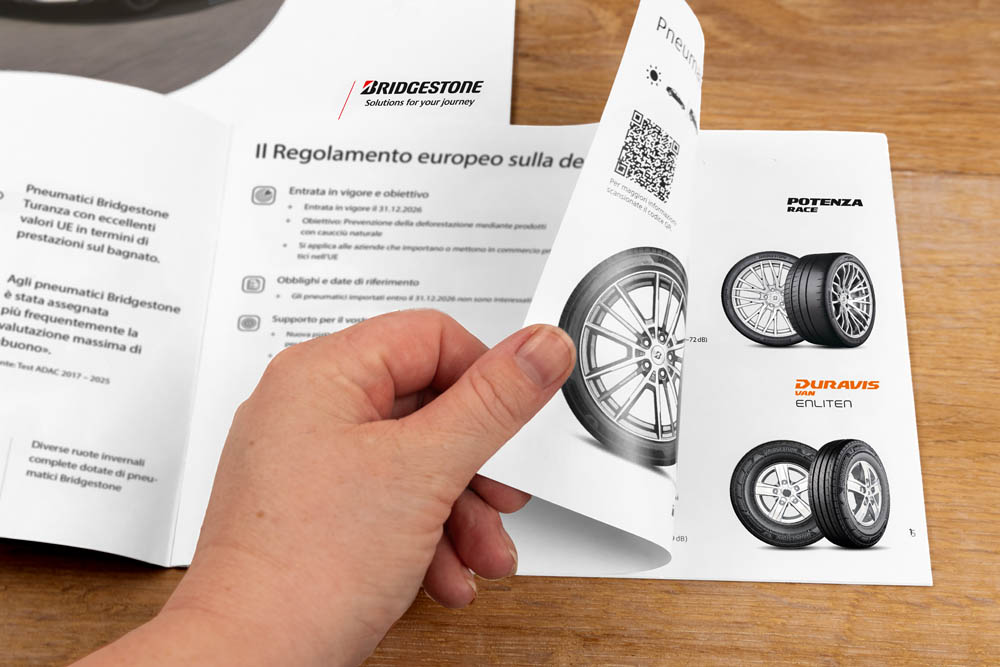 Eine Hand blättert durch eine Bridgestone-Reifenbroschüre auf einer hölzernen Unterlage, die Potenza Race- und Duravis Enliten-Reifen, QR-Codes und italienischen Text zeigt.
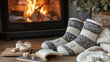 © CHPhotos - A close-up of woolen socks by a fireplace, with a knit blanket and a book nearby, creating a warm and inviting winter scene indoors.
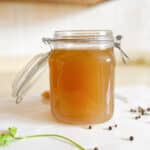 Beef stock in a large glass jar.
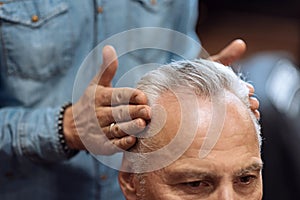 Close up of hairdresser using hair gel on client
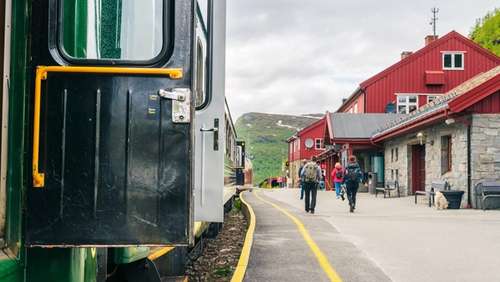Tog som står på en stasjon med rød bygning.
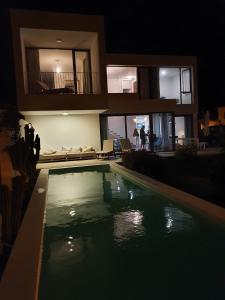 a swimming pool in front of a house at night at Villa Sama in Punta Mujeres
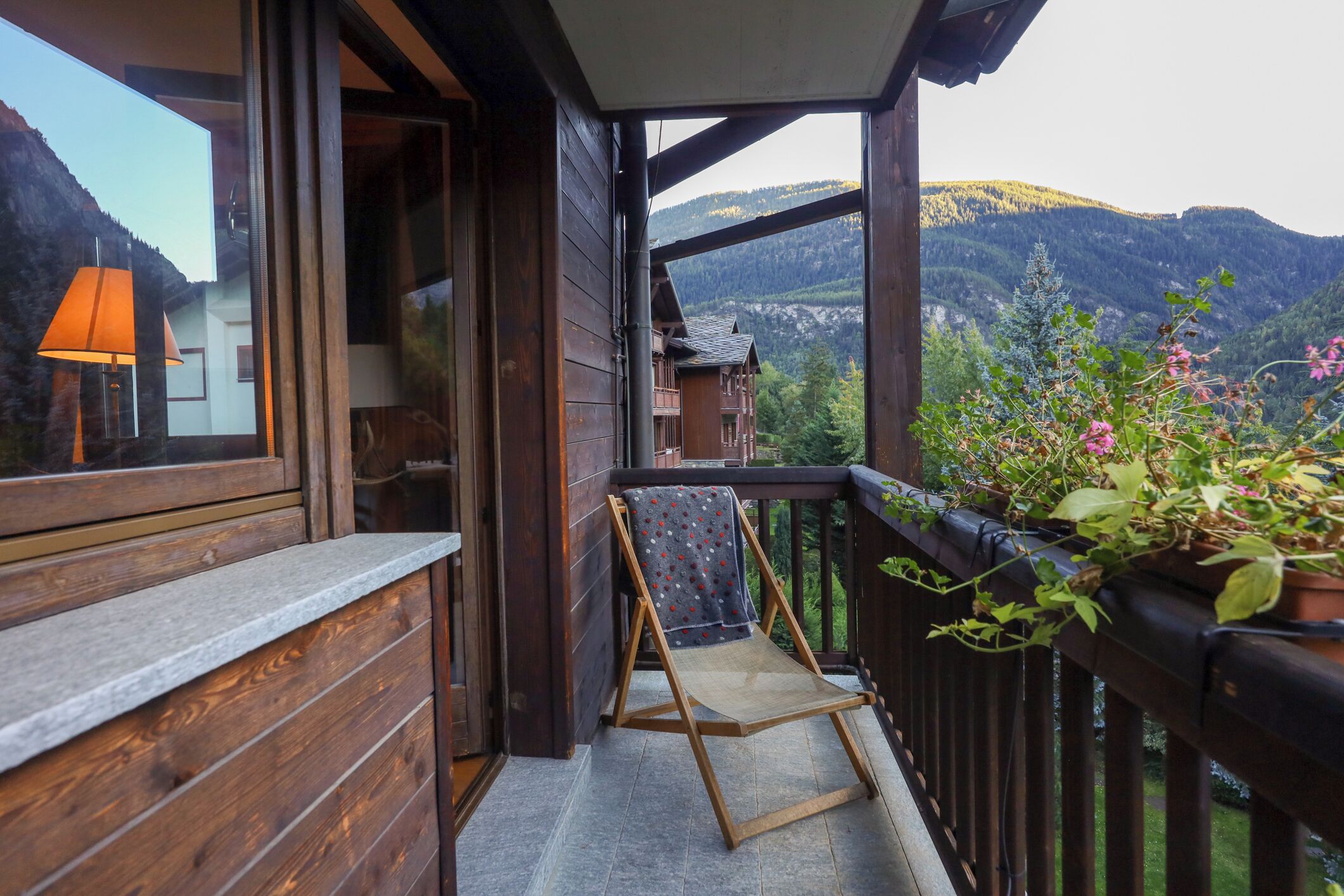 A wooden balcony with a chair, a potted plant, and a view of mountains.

What you are asked to do
Find the line containing "Close up of" and copy it and each line after it through the end of the material, exactly, with no pictures.

Result for this task
 Close up of hairdresser using hair gel on client
Tog som står på en stasjon med rød bygning.
 a swimming pool in front of a house at night at Villa Sama in Punta Mujeres
 A wooden balcony with a chair, a potted plant, and a view of mountains.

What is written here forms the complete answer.